Yumi seemed more enthusiastic about it than I was. And yet somehow, this psychic priestess had spoken a hidden thought of mine, something that I had always believed without ever really knowing why. I didn’t bother to spend time worrying or thinking about it, as there was no way for me to know if it would ever actually be true.

All I knew at that time was that I was completely fascinated by recording my dreams and conducting my research, and that was where my true passion was.

I wondered if I might be able to do something with it career-wise later in my life, but I was never quite sure. The words of the priestess did serve as an encouragement for me to continue my work.

In the meantime, my roommate Artie had decided to move off-campus for this semester.

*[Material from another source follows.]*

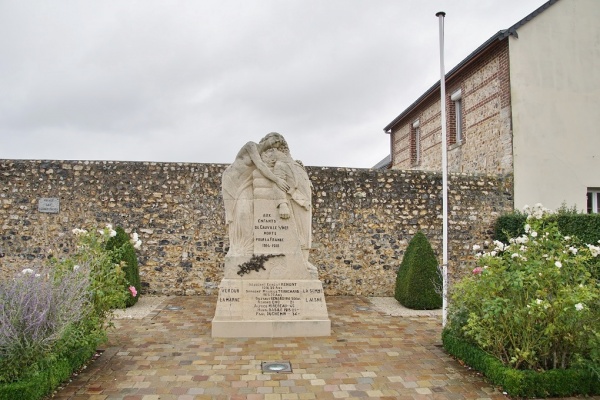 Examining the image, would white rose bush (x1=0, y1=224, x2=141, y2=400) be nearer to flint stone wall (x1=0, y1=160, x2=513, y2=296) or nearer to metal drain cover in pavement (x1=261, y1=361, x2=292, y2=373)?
metal drain cover in pavement (x1=261, y1=361, x2=292, y2=373)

But, he didn’t want to lose his meal plan, so he "kept" the room, even though he was never there.

This meant that with no extra charge, I ended up with a "single" in what many people considered to be the "coolest dorm in New Paltz." So, I pushed the two beds together and Yumi and I both spent most of our time living and sleeping there with each other.

This produced an incredible parallel to the continuing increase of my usage of marijuana during those troubled years of my life. We ended up "Doing the F&F," or the "fight and fool around" routine, if you catch my drift.

Our co-dependency was so all-consuming that we were constantly around each other when we were not in class. And yet, on a fundamental level I wanted to break the cycle, so I could get back to my fastidious book-reading endeavors and spend more time with my other friends.